We’ve seen very similar situations happen multiple times — Seattle and New Orleans most recently — where the NBA’s front office has had to intervene in one organization’s business because either A) Owners go broke, B) Fans grow disinterested for any number of reasons, or; C) The team just flat out sucks. But more importantly, what all these troubled teams have in common is they’ve just failed to catch that break and, honestly, were never in the right caring hands to begin with.

Why didn’t the situation implode? Because Brandon Roy and LaMarcus Aldridge showed up. Because owner Paul Allen embraced how deeply Portlanders identified with his franchise and started emphasizing character. Because Allen hired an enterprising front office that used his money as a competitive advantage, buying extra draft picks, thinking outside the box with creative free-agent offers and raiding cost-cutting teams of solid veterans. The team built a good enough foundation to survive a few bad breaks (most recently, Oden and Roy), and now they’re giving the Mavericks everything they can handle in Round 1. Maybe the Blazers haven’t been totally lucky, but they’ve definitely been smart.

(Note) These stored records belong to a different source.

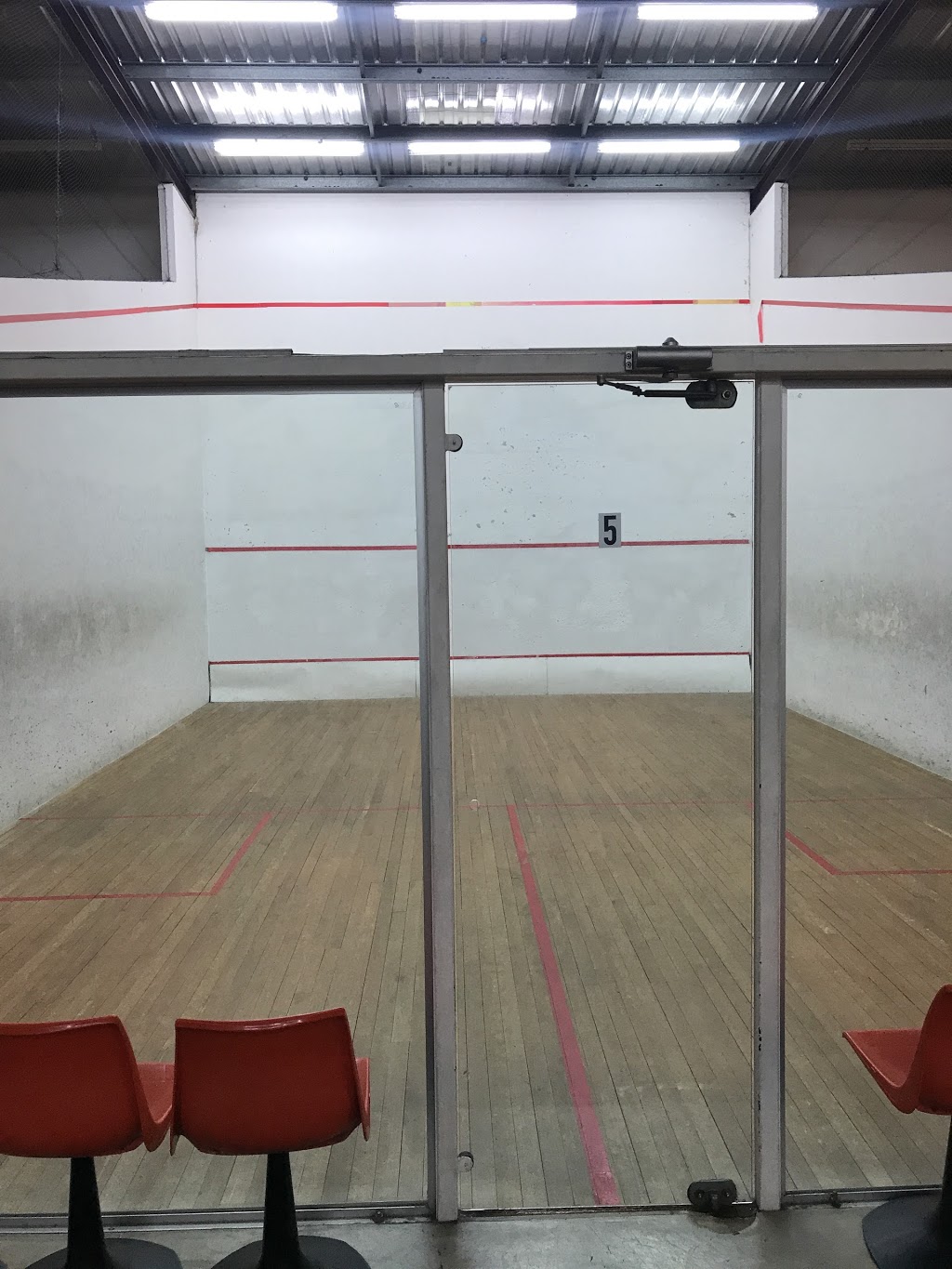 Werrington Squash & Fitness Centre - LOT 201 Dunheved Rd, Werrington ...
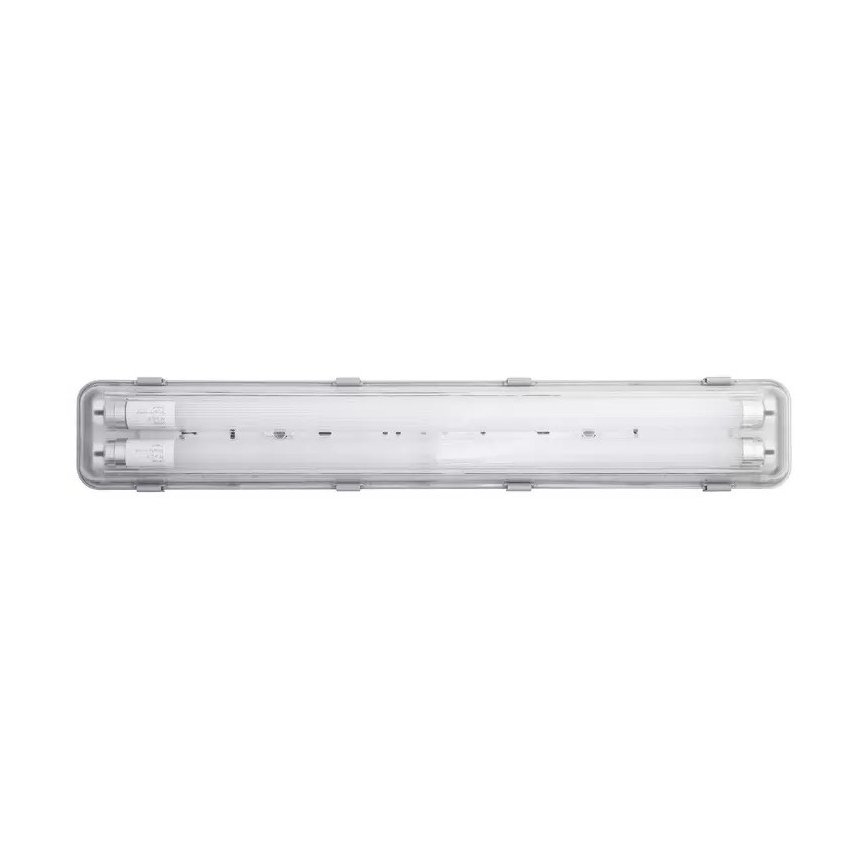 Ledvance - Lámpara fluorescente técnica LED SUBMARINE 2xG13/8W/230V IP65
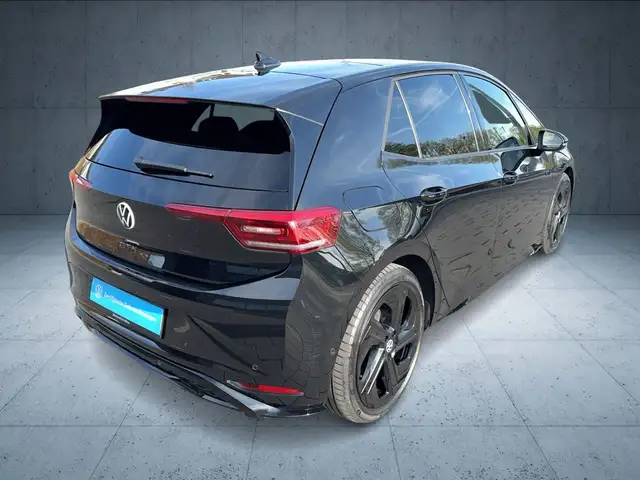 Volkswagen Id.3 view 6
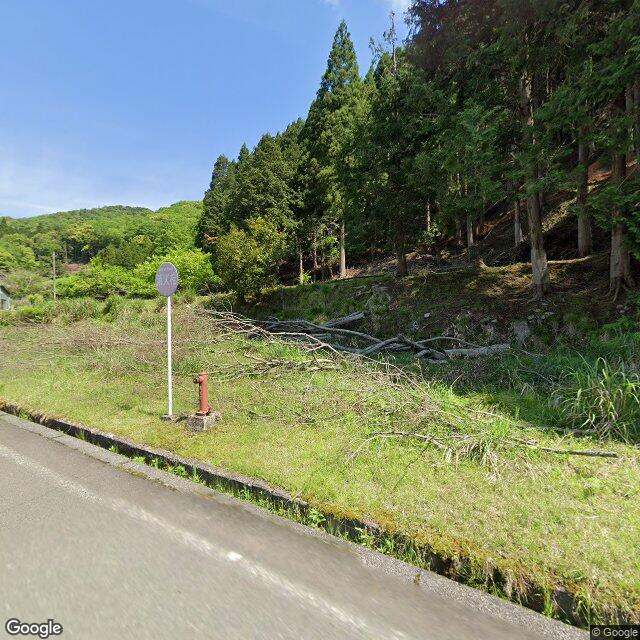 小浜市 小屋, 福井県
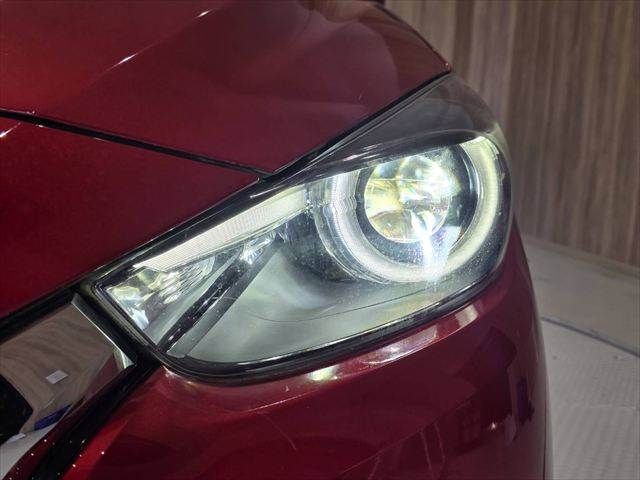 MAZDA AXELA SPORTS 2017 Image 31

Bill Simmons said that here and I advise taking 15-20 minutes out of your day to read the article in its entirety. Anyways, back to the point: Teams in smaller markets are doomed in the NBA. Unless they’re being run by very smart people, such as the Blazers, or have just caught some lucky breaks, such as the Thunder, you’re years in the NBA, or at least in a specific city, are limited at best.

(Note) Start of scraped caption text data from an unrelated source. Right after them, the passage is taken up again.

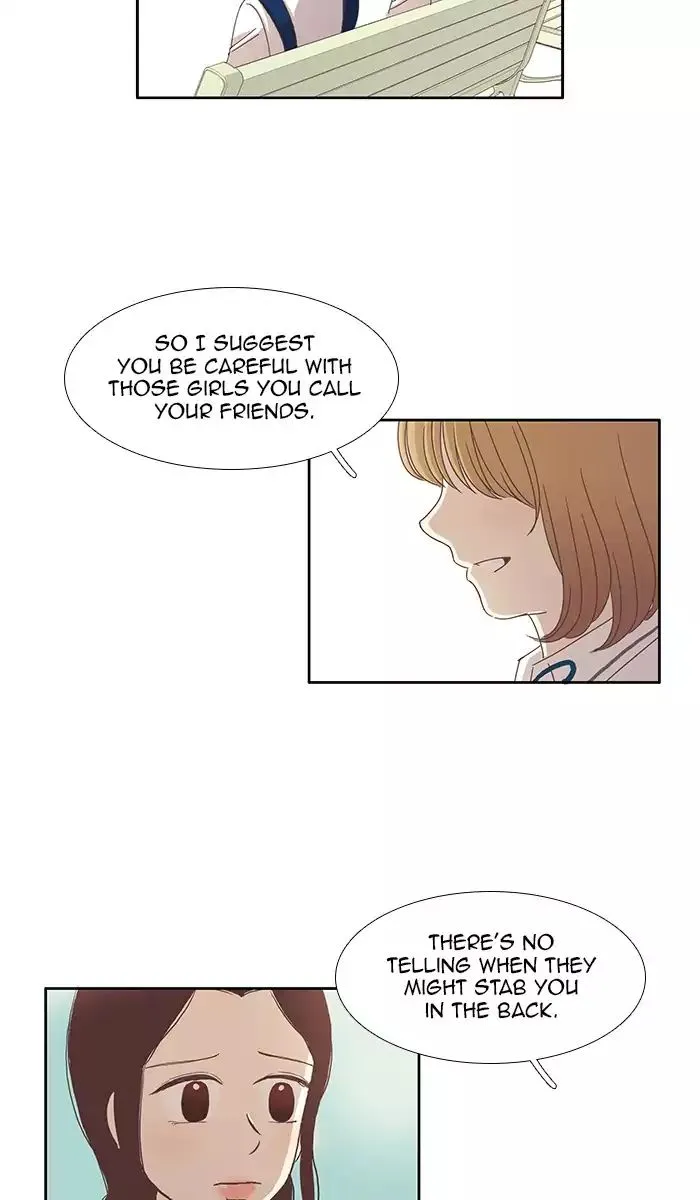 Read Girl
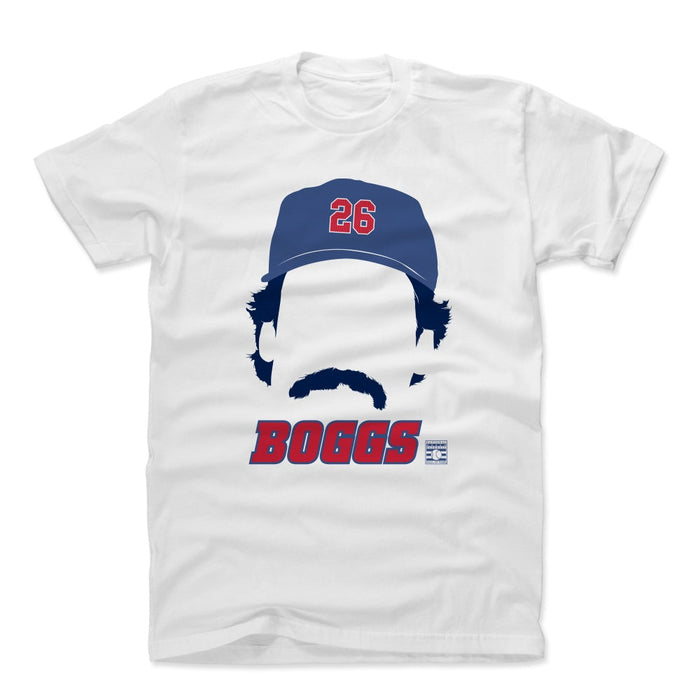 Wade Boggs Silhouette B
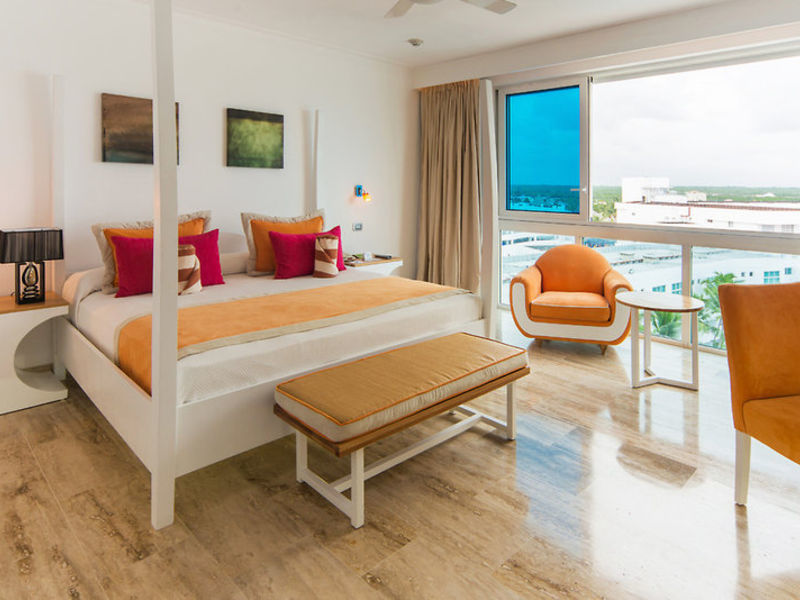 Be Live Hamaca Suites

The next question is how can we fix this dilemma. Underprivileged owners in poor markets don’t have the gonads or the resources to survive in the NBA. It could very well lead to a contraction process in the NBA. Would contraction be a bad thing for the NBA? Looking forward both economically as well as the entertainment factor, a condensed and consolidated league could be the best thing going forward. No longer would Stern have to worry about bankrupt owners. No longer would city’s sit through season after season of suffering and aching. No longer would down-to-earth athletes have to make a professional decision about leaving their “home team” because of a “business decision.” The league would flourish in mounds of cash, sponsorships and the overwhelming amount of publicity they’d receive with all the different rivalries that could stem from big name players moving from one big name city to the next.

But at the same time, you can take Minnesota’s perspective and shoot all of those glamours of contraction down. We have the talent to turn things around. We have enough fan support, as we showed during the KG era, to make a statement amongst a league of coast-dwelling, tax-free states that have all the night clubs and warm weather to attract any talent they sought after.

The league doesn’t need to jump to any conclusions: If they find the right hands for a franchise like Sacramento, there’s hope. And if they also hit the lottery like OKC has, they could very well be the Blazers of tomorrow, even in a city as irrelevant to basketball as Portland once was. Minnesota is no different. Given the right amount of time and brains working behind the curtain, any team can be flipped right-side-up.

It’s just a matter of luck and intelligence. Isn’t everything?